When Twitter was down: A 12-step plan to social media recovery
Photo by monstro
Last Thursday, a random cyber-warrior fighting in the digital ether unwittingly staged an intervention. For me. From Twitter.
I didn't even know I had a problem. Yet when my browser and Tweetdeck and bit.ly all said I couldn't connect to the hijacked site -- for a whole business day -- I almost passed out.
It was then I had to admit my powerlessness. I had to face the truth.
"Hi, my name is Julia, and I am a Twitter addict."
Such a dark time, a frightening time. The good news: After the darkness came enlightenment. Removing the source of addiction taught me some valuable lessons about the tool and how to approach it with greater balance, so that I don't run frantically into my boss's office
So here we are -- the 12-step recovery plan for Twitter addicts, wherein we don't rid ourselves of the medium, but learn to live with it.

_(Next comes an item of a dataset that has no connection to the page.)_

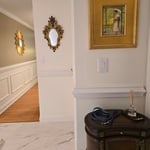 Wainscoting -Bellfonte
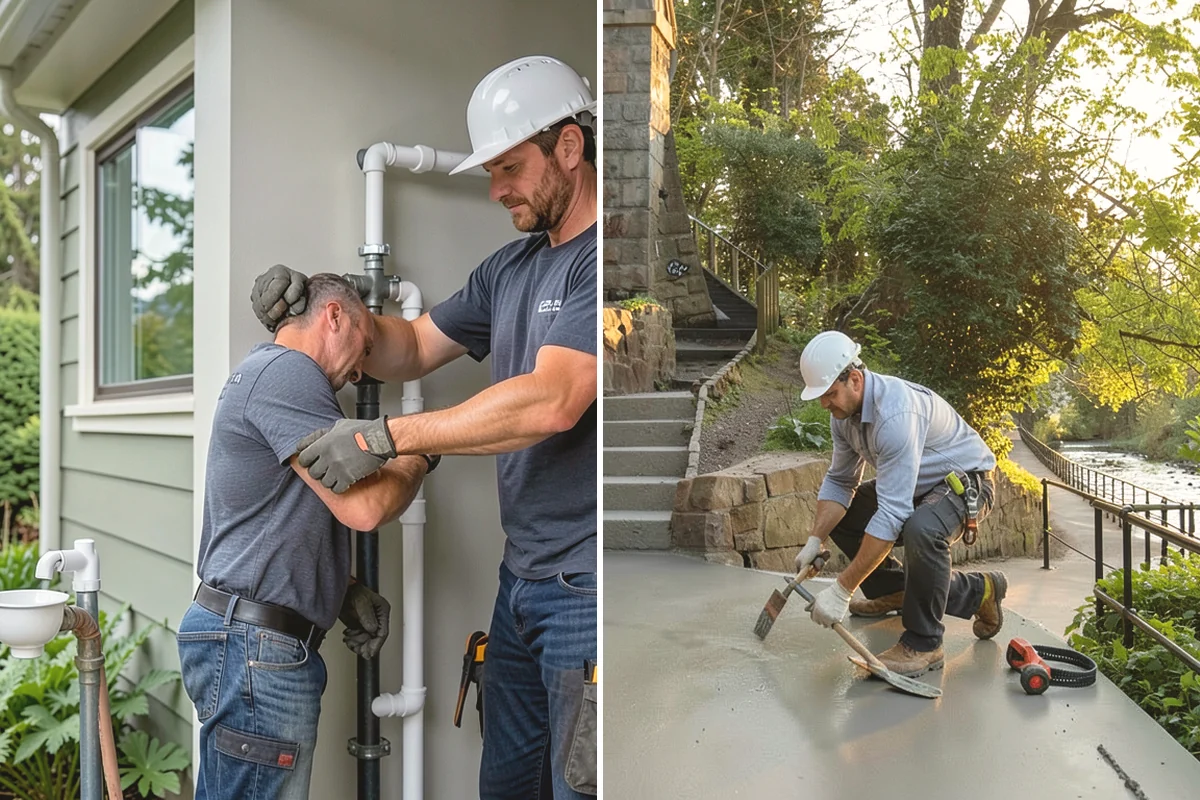 Walk-In Closet Construction in La Conner, Skagit County, WA - Assess the space and plan the walk-in layout and circulation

1. We admitted we were powerless over a system we believed we should control -- that our feeds had become unmanageable.
2. Came to believe that methods greater than ourselves -- sending an email, picking up the phone, walking to the next cubicle -- could restore us to sanity.
3. Made a decision to turn our will and our lives over to the vagaries of offline existence as we understood it, not just our online activities.
4. Made a searching and fearless moral inventory of ourselves. Why are we really using Twitter? For glory? Knowledge? Voyeurism?
5. Admitted to ourselves and to another human being (usually a coworker or confused roommate) the exact nature of our wrongs, in that we had lost the inability to converse beyond 140 characters.
6. Were entirely ready to have the Internets remove all these defects of character by never turning on again, and show us the sun would still rise.
7. Humbly asked the Internets to believe we could remove our shortcomings, and please turn back on again.
8. Made a list of all followers we had not communicated with, and became willing to make amends to them all.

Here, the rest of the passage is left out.